Private toll collection services tend to have overall costs about half to two-thirds the $100k/person/year that has become typical for public toll authorities. That suggests the potential savings to the NJ Turnpike in the range of $16m to $24m/year.
These relate to overall toll revenues running at about $700m/year on 640m transactions. There's about a 65/35 split between electronic tolling (E-ZPass) and cash so the $47m annual cost relates to about $245m in revenue and 225m transactions.
On this arithmetic of each dollar in cash tolls collected about 19c goes in toll collector costs. That is potentially reduced to 9c to 14c with contracted-out, or privatized toll collection.
But electronic toll collection is in the 5c to 10c cents/transaction range and going down, so contracting out is not going to make the difference longterm.
Savings most dramatic in benefits area
Usually private contractors can recruit adequate staff for $15 to $20/hour, making annual salary costs $30k to $40k v $55k.

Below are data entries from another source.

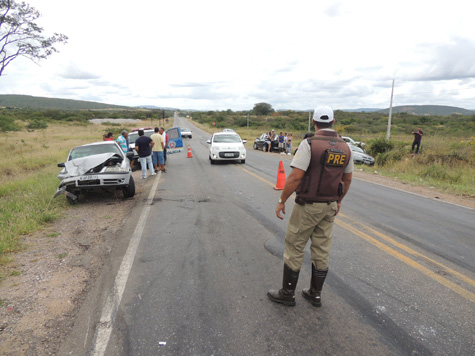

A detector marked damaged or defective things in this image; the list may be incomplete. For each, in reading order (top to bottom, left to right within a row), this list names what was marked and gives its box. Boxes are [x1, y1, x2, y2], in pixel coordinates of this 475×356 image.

crumpled car hood [62, 152, 119, 177]
damaged silver car [56, 141, 137, 203] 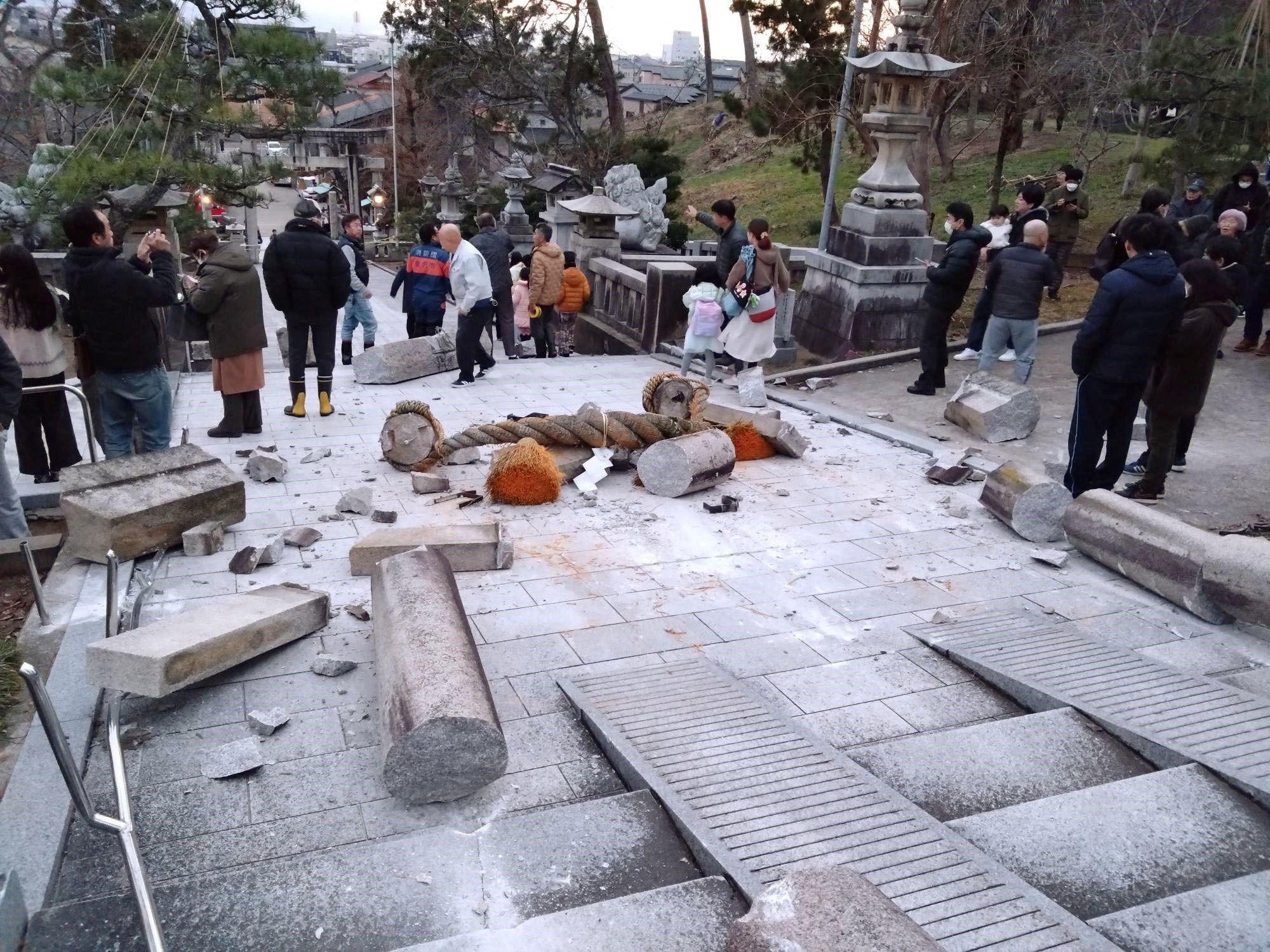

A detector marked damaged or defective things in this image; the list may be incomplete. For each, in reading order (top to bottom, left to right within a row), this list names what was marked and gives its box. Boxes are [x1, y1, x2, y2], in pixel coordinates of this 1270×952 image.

chunk of broken concrete [351, 333, 460, 383]
chunk of broken concrete [945, 373, 1041, 447]
chunk of broken concrete [60, 447, 248, 566]
chunk of broken concrete [244, 452, 287, 485]
chunk of broken concrete [335, 487, 373, 518]
chunk of broken concrete [411, 475, 452, 495]
chunk of broken concrete [182, 523, 224, 559]
chunk of broken concrete [283, 526, 323, 548]
chunk of broken concrete [351, 523, 513, 574]
chunk of broken concrete [85, 586, 330, 696]
chunk of broken concrete [311, 655, 358, 680]
chunk of broken concrete [245, 711, 291, 736]
chunk of broken concrete [201, 741, 263, 777]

But the bigger savings are in the benefits area.
Rather than $45k/yr in benefits costs for unionized workers, private operators can generally get adequate personnel for benefits costs of $15k to $25k/year.
Contracting out of toll collection is common in Florida, Texas and California.
Indiana Toll Road has contracted out toll collection and the Chicago Skyway, both private concessionaires.
COMMENT: Technology and unions are pricing workers out of jobs. Electronic toll collection costs are a third to a quarter of cash collection costs. Being lower cost, tollers are increasingly offering lower toll rates to customers to get transponders. That encourages the uptake of transponders and reduces the number of motorists who pay with cash, and the need for toll collectors.
Few tollers recruit new toll collectors. Rather the jobs disappear as people retire or leave - "by attrition" they say.
Cash toll collection is a doomed job category, but the high labor cost that unions have extracted from public toll agencies is hastening the end of such jobs.
When your editor was a boy every multi-story building had an elevator operator, a man or woman who sat on a kind of bar stool often bolted to the floor of the elevator car, and "drove" the elevator with a lever on a wheel and a switch that opened and closed the doors.
There must have been many hundreds of thousands of elevator operators (not many as sexy as the one in the picture.)
With advances in electrical sensing and switching technology, the occupation of elevator operator went extinct in the 1960s.
Cash toll collection, similarly has no future as a job in the 21st century.
Defenders of elevator operators said that as well as avoiding the need for expensive new elevator technology, the operators on their barstools provided a useful service in directing people to their wanted floor, providing security, that they were safer, and were a "friendly face" (or see left, a leg) for the enterprise running the building.
All true to a point, but those subsidiary services weren't, in the end, judged to be worth the cost.
We'd bet the same will prove true of cash toll collection, and the demise will just be quicker with unions that insist on $100k+/year when there are people willing to do the job for half the cost.
"Mayhem" at NJ Turnpike offices
There were reports of noisy protest demonstrations at the Turnpike offices today where the board meeting was held. They said they were protesting "privatization." People are entitled to express their opinions on this, but we doubt it will affect the course of events.